Ever since I started to really look into local authors and what they were producing, Diana Davidson was high on my list. I loved the cover of Pilgrimage and loved the synopsis even more. There’s something about a local artist writing about history that is so close to home that is very appealing to me. Really, I just love hearing of the places I know (like Edmonton! Fort Chippewan! Jasper! Vancouver!), knowing that I could place them on a map without hesitation. With Pilgrimage, there’s a lot of talk about the weather as well, which is something most Albertans are definitely familiar with.

The story is a beautiful story. It’s also very sad. In fact, I don’t think I was too prepared for how sad the story would be (even after reading a short story by Davidson in the 40 Below anthology that pretty much ripped my heart out) and I kept saying to myself  “10 more pages, okay … another 10 pages” until I finished the book.

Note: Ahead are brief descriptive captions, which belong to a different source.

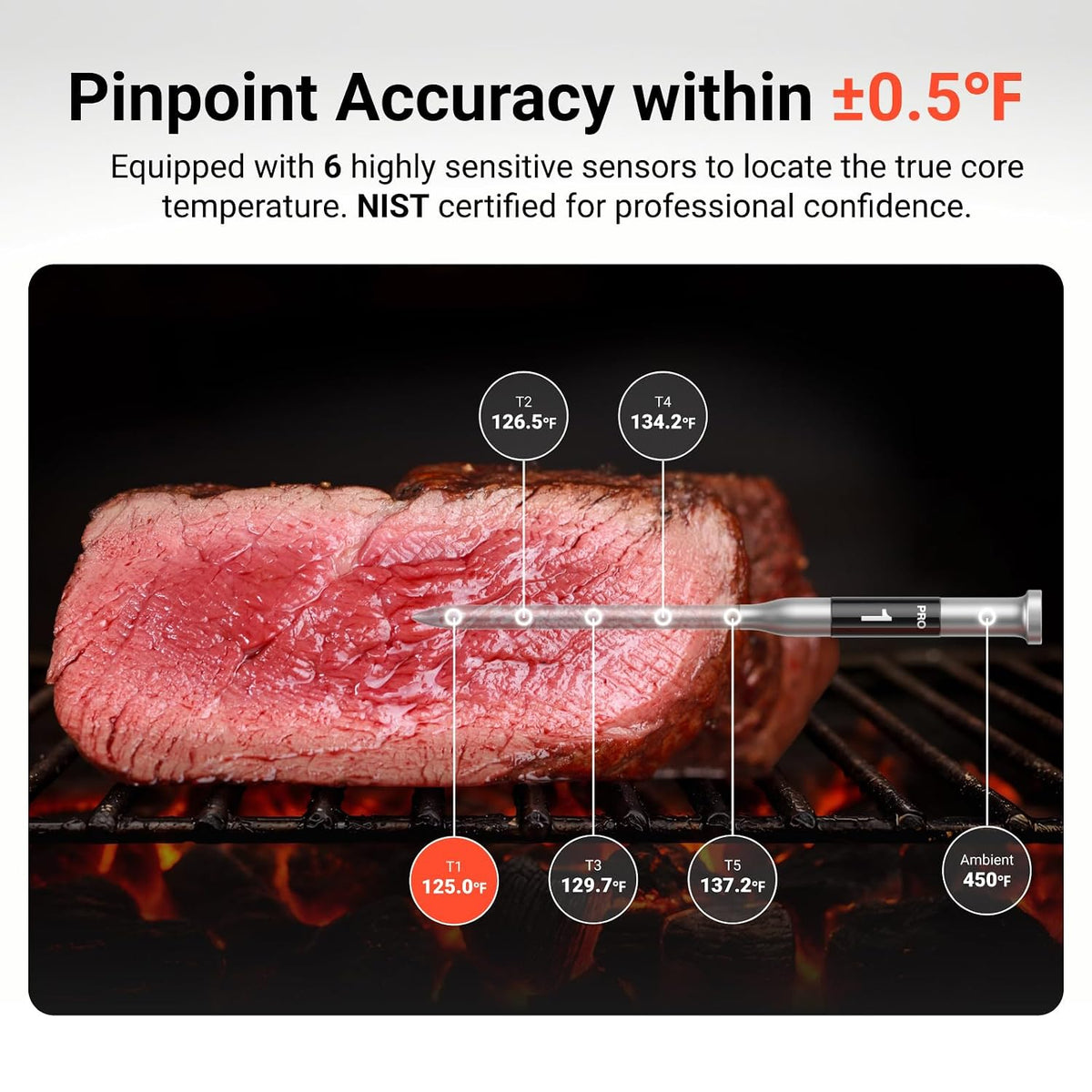 Termómetro inalámbrico para carne ThermoMaven Smart WiFi para asar...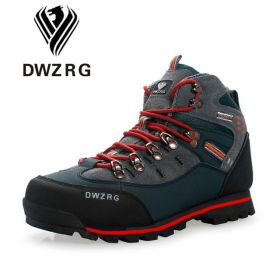 DWZRG Men Hiking Shoes Waterproof Leather Shoes Climbing & Fishing Shoes New Popular Outdoor Shoes Men High Top Winter Boots (Color: Dark Blue Red, size: 39)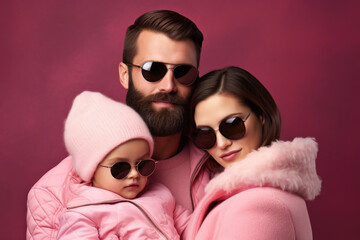 Picture of man and woman wearing sunglasses and pink coat. This image can be used for fashion, couple, or outdoor activities-related projects.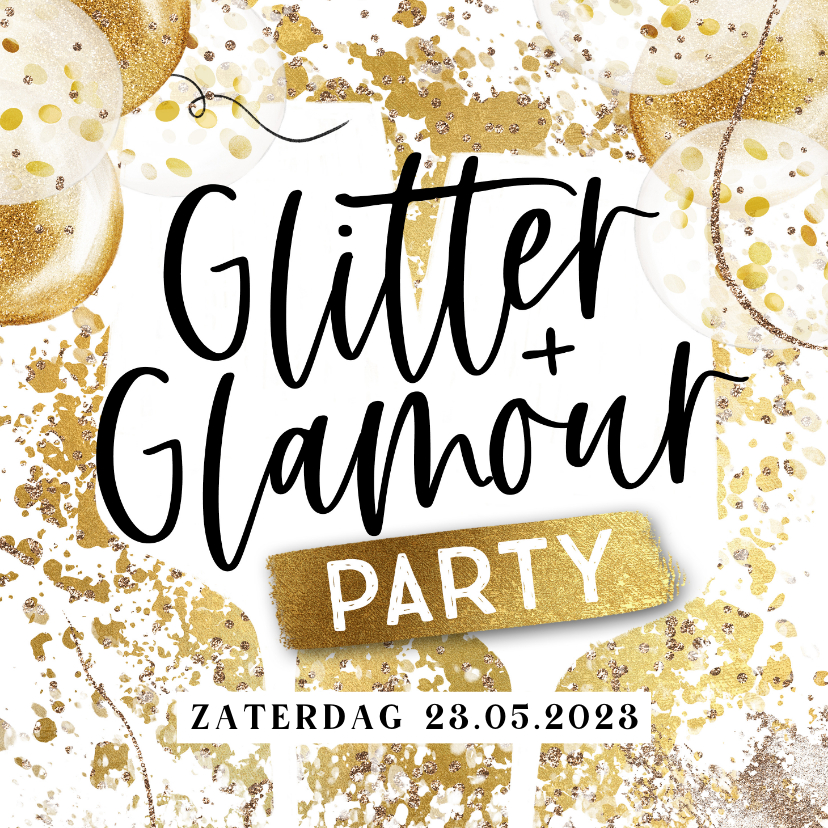 Uitnodiging 'Glitter&Glamour Party' goudlook wijn spetters - Uitnodigingen Uitnodigingen - Uitnodiging 'Glitter&Glamour Party' goudlook wijn spetters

The characters were developed well and I found myself latching onto certain ones, desperate to hear their story. Other characters drove me nuts, but were definitely a product of their time. The book deals with race, class, and status and I found that Davidson did a great job of showing all of these things in her writing.

When it came to characters, I was mostly in love with the stories of Moira and Makhesis. Moira came to Alberta with the Barretts from Ireland and Makhesis is a “half-breed” as described by Georgina Barrett (the one character I found myself loathing throughout the book). Both were so different, but had great similarity in how they were treated. I just couldn’t get enough of their stories! Davidson completely drew me in with her writing, with these two women who were seeking love and acceptance. But most importantly, this book deals a lot with fertility and how women really had no control over how fertile they were, or who actually impregnated them. This was the sad thing about the classes of this society — especially when compared to what we have available today.

It was actually quite interesting reading the author’s note at the end of the story of where Davidson’s inspiration came from. I love how a news story led her to research the history of the this part of the country and its people from a century ago.

While this book was a wonderful read, I found myself slightly detached at times, maybe because a lot of the book doesn’t deal with driving actions or dialogue, but we’re inside of the characters heads a LOT more. I don’t usually mind a lot of internal (for lack of a better word) stuff going on, but it does make the story read at a bit of a slower pace and I found myself wanting to SEE more action rather than being told of what was going on.

Regardless, this really was a book I was happy to have read — even if it hit a little close to home with some of the pregnancy and birthing events, not to mention the way that the people of this province used to be treated. It was hard not to think about that time period and want to know more about it — maybe one day I can delve a little deeper than the history I learned in school. At any rate, I’m interested to see what else Diana Davidson comes up with in the future. She really has a true talent!